Horticulture columns and tips done on a timely basis
Bacterial leaf scorch on pin oak

Oak Tree Problems

Posted by John Fulton -

While we normally look forward to the change of tree foliage in the fall, this year the premature leaf drop and discoloration may cause us to lose some of our fall enjoyment. The reasons for the leaf problems are many, and have been with us since early spring in many cases.

On oaks, particularly pin and red oaks, we could be experiencing some major problems such as oak wilt and bacterial leaf scorch. Other problems such as anthracnose (and other leaf spot fungi), oak tatters, and water damage are not to be overlooked, but usually don't signal the end of the tree is in sight. Oak wilt has been a non-event in our area, but the possibility does exist that it will rear its ugly head. It is very similar to verticillium wilt that we find in many of our shade trees and has a streaking of the sapwood as a tell-tale sign. There is no cure for oak wilt. Bacterial leaf scorch (BLS) is probably the main culprit in many rapidly declining oaks. The bacteria cause the ends and margins of the leaf to dry and turn brown. Some areas of the country have reported temporary results from antibiotic injections into the tree, but Midwest states have not reported any success. Essentially there is no cure for BLS in oaks, with tree death often coming within six or seven years of infection.

Amillaria root rot is another serious disease of oaks that has become more prominent. This is caused by a fungus that invades below ground. As is the case with many diseases, trees that are stressed by flooding, drought, or mechanical injury are predisposed to getting the disease. Mushrooms at the base of the tree, or shoestringlike structures growing just under the bark of the tree are symptoms of this disease. There is no real cure for this disease at the present time either.

The leaf spot fungi problems are less important, but may be prevented with protective fungicides applied to leaves throughout the spring and early summer. Figure on at least three applications about 14 days apart at a minimum. It is also important to get good coverage of all leaves. These diseases weaken the tree by allowing it to make less food for the year. Weakening for a year or two doesn't make much difference, but over a long period of time we can get other problems on the weakened tree.

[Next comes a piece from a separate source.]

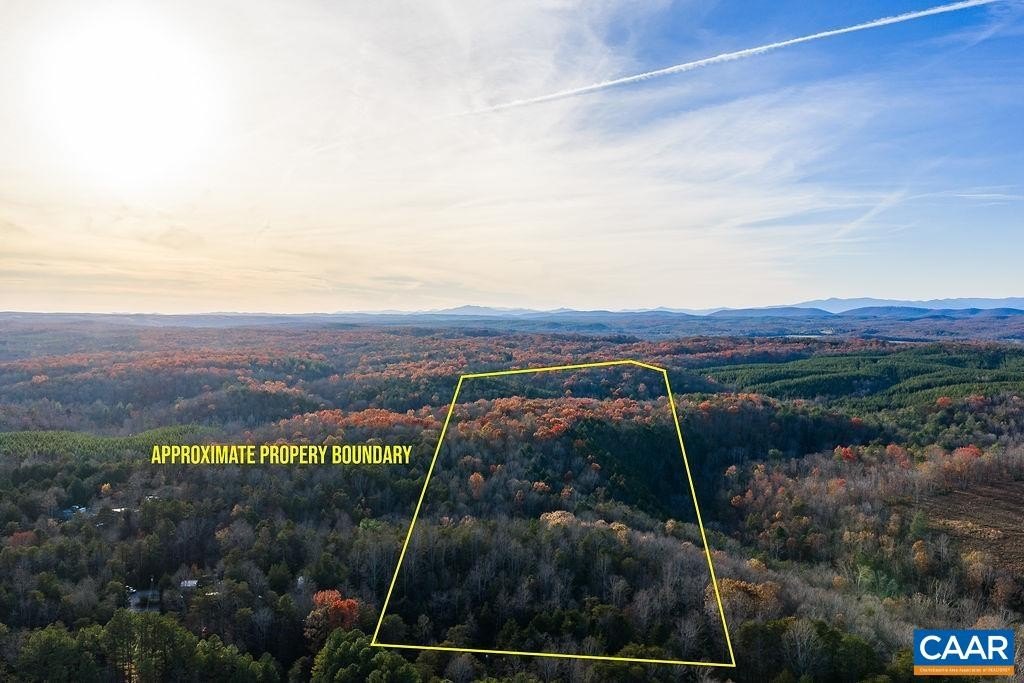 53.5 Acres Near James River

These same fungi are affecting most of our good quality shade and fruit trees. Anthracnose is the major fungus for shade trees, apple scab is the culprit for apples and crabapples, and there are more specific fungi that affect ash and other trees. We'll have to live with what we have for this year, but a preventative program may be in order in future years. We have actually had outbreaks of the leaf spot fungus group each of the last 20 years. The little bit of weakening each year eventually catches up with us.

For now the adage of " keep trees in good growing condition" holds true. Water with an inch of water per week when Mother Nature doesn't provide it, and fertilize with a lawn rate (to provide a pound of nitrogen, phosphorus, and potassium per 1000 square feet) and that will go a long way in helping the tree overcome weakness.